Aim of the exercise: What must be handed in is the entire listing, exactly as written, with no pictures.

The data:
*****
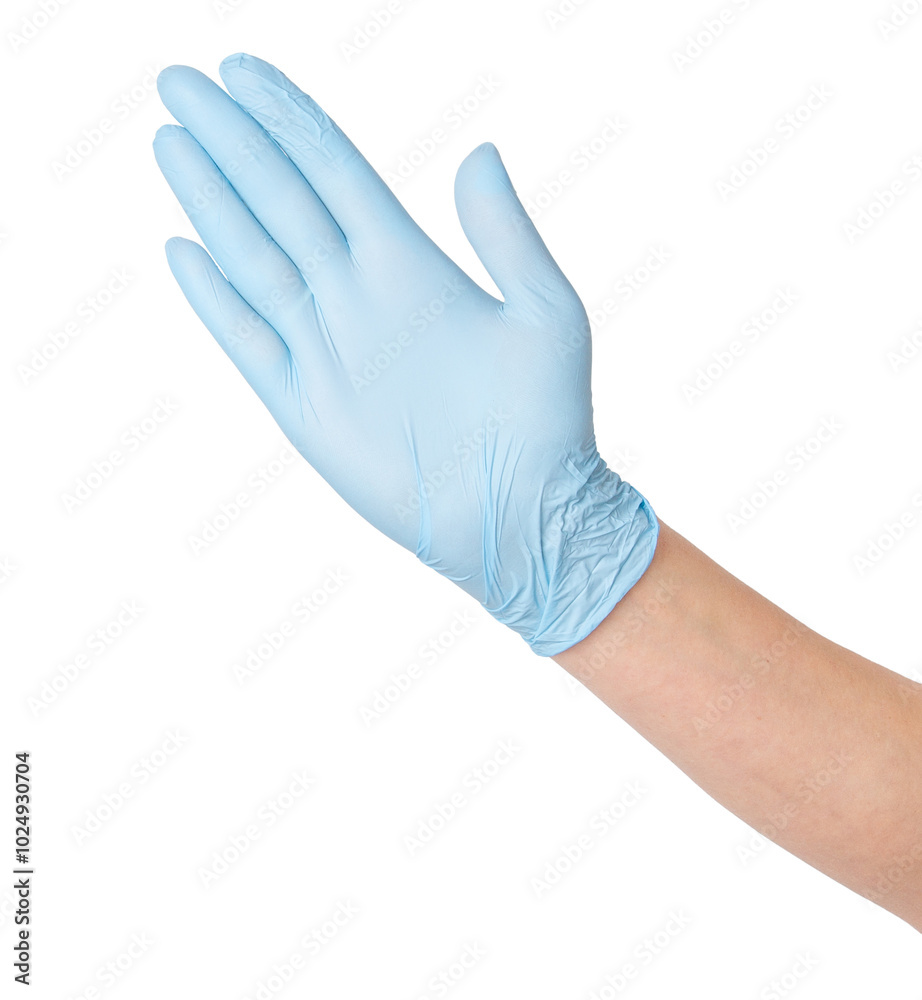 Hand in medical gloves making a welcoming gesture on an empty background. Friendly interaction, healthcare communication, positive engagement. Hand in medical gloves making a welcoming gesture on an empty background. Friendly interaction, healthcare communication, positive engagement.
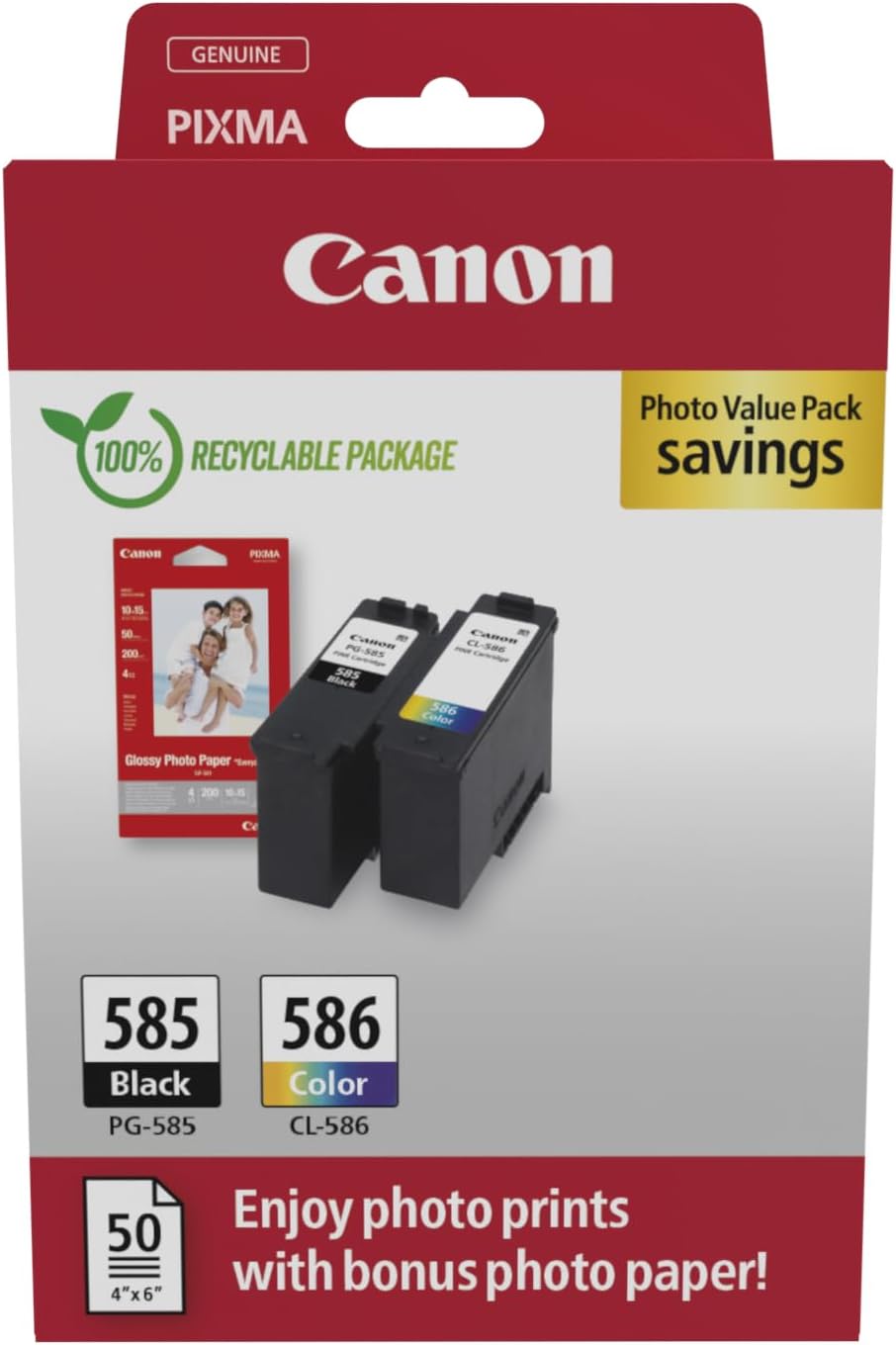 Genuine Canon PG585+ CL586 Ink Cartridge Value Pack+BONUS: GP501 4x6 50 Sheets Photo Paper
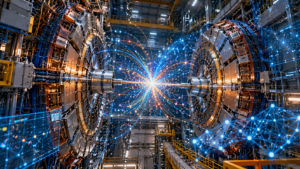 CERN Mistral AI partnership illustrated through particle physics detector and artificial intelligence data visualization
*****
Answer area:
 Hand in medical gloves making a welcoming gesture on an empty background. Friendly interaction, healthcare communication, positive engagement. Hand in medical gloves making a welcoming gesture on an empty background. Friendly interaction, healthcare communication, positive engagement.
 Genuine Canon PG585+ CL586 Ink Cartridge Value Pack+BONUS: GP501 4x6 50 Sheets Photo Paper
 CERN Mistral AI partnership illustrated through particle physics detector and artificial intelligence data visualization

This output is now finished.